Change OS on the Fly

How to change the OS of your Raspberry Pi while it is running.

WARNING: This guide is incomplete

  1. Download Raspbian from
  2. Burn the image to a spare SD card
  3. Boot the Pi with it and SSH into it
  4. Download Ubuntu Core from
  5. Running fdisk -l and fdisk -l ubuntu-core-16-pi3.img shows that the raspbian boot partition has only 63MiB while Ubuntu Core needs 128MiB here.

There are basically two ways of installing a noter OS while the RPi is running.

One is overriding the boot and root partitions and the other is to override the content of them. Overriding the content will result in a lot of artefacts let on the system but might be easier to implement and those artefacts can be removed in subsequent updates.

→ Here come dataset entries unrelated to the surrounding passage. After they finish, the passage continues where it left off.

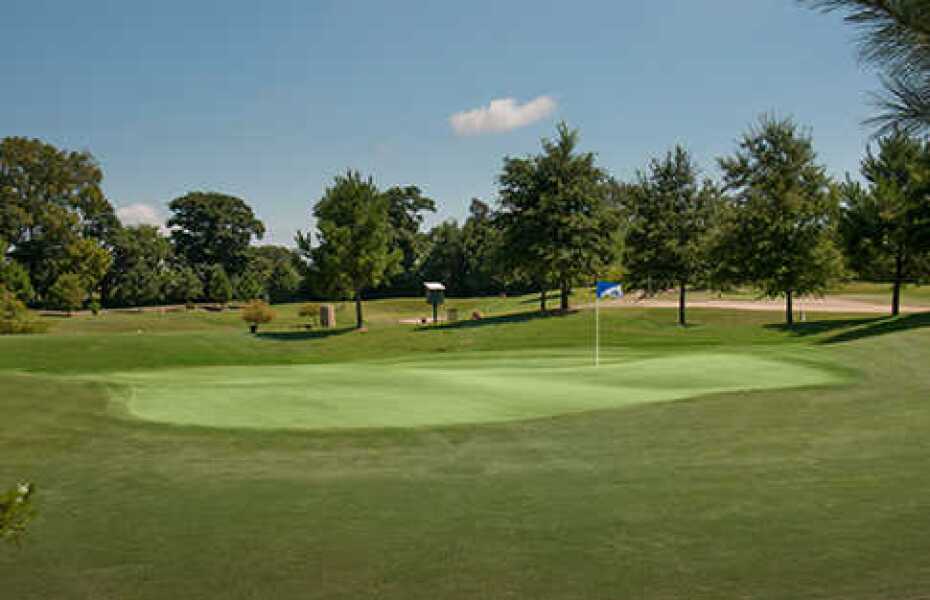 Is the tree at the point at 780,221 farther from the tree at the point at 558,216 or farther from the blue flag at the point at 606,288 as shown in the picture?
the blue flag at the point at 606,288

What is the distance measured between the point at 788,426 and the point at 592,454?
11.4 feet

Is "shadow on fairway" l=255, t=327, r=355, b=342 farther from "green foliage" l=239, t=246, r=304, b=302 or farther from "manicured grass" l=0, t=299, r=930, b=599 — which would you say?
"green foliage" l=239, t=246, r=304, b=302

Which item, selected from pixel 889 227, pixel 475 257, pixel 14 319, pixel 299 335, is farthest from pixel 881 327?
pixel 475 257

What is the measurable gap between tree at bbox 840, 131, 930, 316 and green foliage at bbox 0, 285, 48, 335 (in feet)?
146

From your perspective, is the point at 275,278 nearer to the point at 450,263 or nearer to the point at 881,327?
the point at 450,263

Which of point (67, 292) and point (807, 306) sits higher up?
point (67, 292)

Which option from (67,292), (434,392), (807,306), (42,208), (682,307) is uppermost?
(42,208)

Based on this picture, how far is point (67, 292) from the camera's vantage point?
60000 millimetres

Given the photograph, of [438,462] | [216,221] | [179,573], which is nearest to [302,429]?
[438,462]

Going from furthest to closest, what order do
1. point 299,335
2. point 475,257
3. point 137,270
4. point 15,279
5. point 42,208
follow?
point 475,257, point 137,270, point 42,208, point 15,279, point 299,335

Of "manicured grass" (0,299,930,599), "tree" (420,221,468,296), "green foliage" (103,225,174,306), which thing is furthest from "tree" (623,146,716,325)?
"green foliage" (103,225,174,306)

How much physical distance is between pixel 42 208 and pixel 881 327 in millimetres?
73252

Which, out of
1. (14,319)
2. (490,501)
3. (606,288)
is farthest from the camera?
(14,319)

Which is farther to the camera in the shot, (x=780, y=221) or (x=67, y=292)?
(x=67, y=292)
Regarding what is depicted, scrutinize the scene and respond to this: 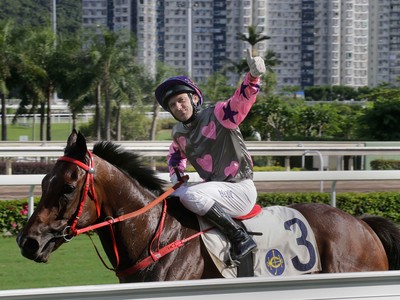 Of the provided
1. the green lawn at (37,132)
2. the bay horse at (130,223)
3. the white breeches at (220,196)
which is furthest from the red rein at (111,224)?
the green lawn at (37,132)

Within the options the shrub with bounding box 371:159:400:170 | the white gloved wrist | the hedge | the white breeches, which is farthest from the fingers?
the shrub with bounding box 371:159:400:170

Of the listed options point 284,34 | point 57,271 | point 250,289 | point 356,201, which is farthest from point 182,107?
point 284,34

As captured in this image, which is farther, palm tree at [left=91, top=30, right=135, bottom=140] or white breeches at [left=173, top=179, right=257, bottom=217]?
palm tree at [left=91, top=30, right=135, bottom=140]

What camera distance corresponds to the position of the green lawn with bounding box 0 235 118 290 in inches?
237

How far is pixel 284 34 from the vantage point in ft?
239

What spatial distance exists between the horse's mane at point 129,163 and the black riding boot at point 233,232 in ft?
1.05

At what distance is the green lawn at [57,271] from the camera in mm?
6008

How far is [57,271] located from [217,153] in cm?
291

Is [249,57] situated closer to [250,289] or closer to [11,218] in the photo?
[250,289]

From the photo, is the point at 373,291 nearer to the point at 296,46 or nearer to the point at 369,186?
the point at 369,186

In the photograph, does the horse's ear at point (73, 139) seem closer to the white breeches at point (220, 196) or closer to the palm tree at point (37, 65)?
the white breeches at point (220, 196)

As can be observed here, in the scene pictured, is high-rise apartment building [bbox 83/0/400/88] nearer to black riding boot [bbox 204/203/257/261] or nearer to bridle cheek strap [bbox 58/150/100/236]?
black riding boot [bbox 204/203/257/261]

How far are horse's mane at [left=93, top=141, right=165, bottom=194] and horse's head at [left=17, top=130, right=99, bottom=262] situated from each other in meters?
0.25

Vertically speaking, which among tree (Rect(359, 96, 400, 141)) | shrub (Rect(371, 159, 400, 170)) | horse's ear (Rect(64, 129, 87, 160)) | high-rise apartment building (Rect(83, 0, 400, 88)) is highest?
high-rise apartment building (Rect(83, 0, 400, 88)) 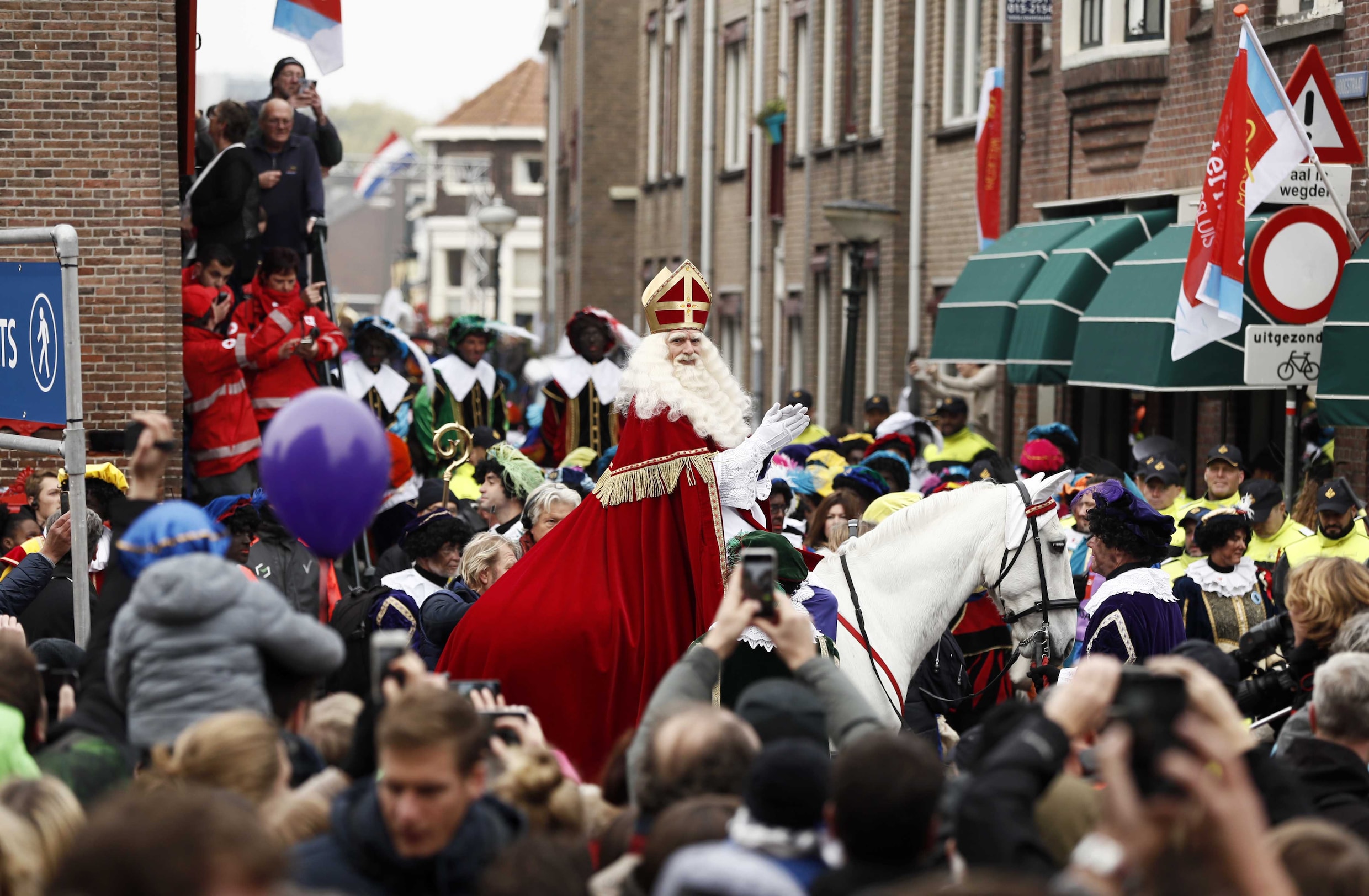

Overriding the partitions itself maybe even recreating is damn complicated while easy for the boot partition the root partition is of the EXT4 type that means it can’t be unmounted while its used. Now its not exactly fun nor possible to SSH into a machine stop the SSHD and other services which are using the partition basically locking yourself out and THEN shrinking the partition. So one way around this would be to use the boot process itself to shrink the partition while its not yet mounted this might work with the cmdline.txt on the /boot partition however I’m not sure which tools are a viable running a simple which fdisk gives /sbin/fdisk so thats on the root partition so not a viable during the boot process. A way around would probably be to use a custom initrd.img that supplies the needed tools and partitioning with that.

Basically the point where I don’t yet have a satisfying solution. If you do know a better way let me know.

Boot process

LED meanings during boot process

Red LED on: Power OK

Red LED blink or off: Problem with Power

Green LED off: bootloader.bin not found. Make sure there is a FAT32 partition with that file on the sd card. It is interesting to not that the RPi does not use a MBR (Master Boot Record) instead the firmere (in the SoC or GPU?) looks for the first FAT32 partition and looks for the bootloader.bin file there. This means that no nasty placing to a specific disk sector has to be made the file can just be copied over which is nice.

Green LED blink 5 times periodically : bootloader.bin found. Problems with the next stage (missing or invalid?) start.elf.

Green LED blink 7 times periodically: kernel.img not found.

Green LED blink 2 times only once on startup: (fixup.dat or cmdline.txt or config.txt not found? / everything ok turning off led for later sd card access indicator?)